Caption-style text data
------------------------------------------------------------------------

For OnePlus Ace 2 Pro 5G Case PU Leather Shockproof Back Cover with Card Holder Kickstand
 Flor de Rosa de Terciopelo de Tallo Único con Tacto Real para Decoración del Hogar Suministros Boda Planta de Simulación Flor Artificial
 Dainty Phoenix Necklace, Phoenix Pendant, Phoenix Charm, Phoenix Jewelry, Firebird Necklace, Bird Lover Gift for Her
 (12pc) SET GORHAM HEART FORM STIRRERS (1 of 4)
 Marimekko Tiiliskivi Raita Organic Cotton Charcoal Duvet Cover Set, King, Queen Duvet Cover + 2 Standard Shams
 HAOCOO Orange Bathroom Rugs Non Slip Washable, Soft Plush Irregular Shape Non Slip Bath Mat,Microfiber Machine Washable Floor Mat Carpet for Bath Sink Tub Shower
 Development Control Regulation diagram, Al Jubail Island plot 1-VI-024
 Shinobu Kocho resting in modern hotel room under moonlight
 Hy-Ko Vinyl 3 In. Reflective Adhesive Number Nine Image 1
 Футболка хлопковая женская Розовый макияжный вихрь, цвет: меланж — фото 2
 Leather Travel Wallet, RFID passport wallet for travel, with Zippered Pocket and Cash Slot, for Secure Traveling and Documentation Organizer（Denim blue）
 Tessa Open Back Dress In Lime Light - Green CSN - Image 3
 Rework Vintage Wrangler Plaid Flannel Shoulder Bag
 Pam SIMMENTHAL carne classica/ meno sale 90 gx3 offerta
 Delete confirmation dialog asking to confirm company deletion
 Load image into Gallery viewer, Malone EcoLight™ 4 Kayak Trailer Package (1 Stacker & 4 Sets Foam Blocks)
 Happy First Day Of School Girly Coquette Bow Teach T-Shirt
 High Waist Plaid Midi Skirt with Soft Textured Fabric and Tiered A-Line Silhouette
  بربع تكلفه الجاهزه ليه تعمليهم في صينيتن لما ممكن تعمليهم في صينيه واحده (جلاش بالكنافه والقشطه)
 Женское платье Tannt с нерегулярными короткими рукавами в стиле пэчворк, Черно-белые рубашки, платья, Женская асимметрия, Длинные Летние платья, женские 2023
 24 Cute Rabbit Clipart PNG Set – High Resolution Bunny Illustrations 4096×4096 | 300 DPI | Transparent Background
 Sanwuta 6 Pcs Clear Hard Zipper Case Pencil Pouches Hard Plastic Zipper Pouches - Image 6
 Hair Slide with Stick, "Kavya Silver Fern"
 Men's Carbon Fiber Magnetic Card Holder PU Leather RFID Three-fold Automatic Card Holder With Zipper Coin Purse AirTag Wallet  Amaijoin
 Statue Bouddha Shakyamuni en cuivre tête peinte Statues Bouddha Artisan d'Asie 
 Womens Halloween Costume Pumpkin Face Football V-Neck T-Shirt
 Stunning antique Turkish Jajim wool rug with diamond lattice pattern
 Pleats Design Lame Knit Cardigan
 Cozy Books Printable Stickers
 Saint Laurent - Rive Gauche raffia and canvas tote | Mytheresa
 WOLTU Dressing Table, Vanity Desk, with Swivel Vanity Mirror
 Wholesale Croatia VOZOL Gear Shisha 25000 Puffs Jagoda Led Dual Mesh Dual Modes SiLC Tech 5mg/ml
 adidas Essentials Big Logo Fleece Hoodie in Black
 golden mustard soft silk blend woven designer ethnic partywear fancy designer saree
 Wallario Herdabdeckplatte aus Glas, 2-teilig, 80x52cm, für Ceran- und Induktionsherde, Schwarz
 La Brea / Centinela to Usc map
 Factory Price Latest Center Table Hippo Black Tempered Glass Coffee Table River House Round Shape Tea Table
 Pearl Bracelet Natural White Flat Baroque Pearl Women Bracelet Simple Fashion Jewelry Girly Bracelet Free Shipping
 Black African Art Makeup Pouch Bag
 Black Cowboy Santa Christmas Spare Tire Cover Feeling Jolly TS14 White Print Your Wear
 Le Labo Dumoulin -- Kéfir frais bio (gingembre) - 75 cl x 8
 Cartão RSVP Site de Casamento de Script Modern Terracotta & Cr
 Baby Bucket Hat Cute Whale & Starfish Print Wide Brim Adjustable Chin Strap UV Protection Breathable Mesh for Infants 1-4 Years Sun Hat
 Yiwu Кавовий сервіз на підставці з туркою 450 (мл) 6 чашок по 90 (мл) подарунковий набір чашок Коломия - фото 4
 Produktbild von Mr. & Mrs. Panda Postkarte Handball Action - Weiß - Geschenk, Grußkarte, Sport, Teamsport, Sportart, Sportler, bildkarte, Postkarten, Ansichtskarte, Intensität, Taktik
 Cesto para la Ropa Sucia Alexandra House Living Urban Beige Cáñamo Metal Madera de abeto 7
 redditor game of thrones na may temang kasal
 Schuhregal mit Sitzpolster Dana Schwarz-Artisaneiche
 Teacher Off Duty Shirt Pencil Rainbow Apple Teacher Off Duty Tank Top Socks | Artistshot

------------------------------------------------------------------------

Wherever a line in the data above holds the word "Shape", copy that line.

Solution for this exercise
 HAOCOO Orange Bathroom Rugs Non Slip Washable, Soft Plush Irregular Shape Non Slip Bath Mat,Microfiber Machine Washable Floor Mat Carpet for Bath Sink Tub Shower
 Factory Price Latest Center Table Hippo Black Tempered Glass Coffee Table River House Round Shape Tea Table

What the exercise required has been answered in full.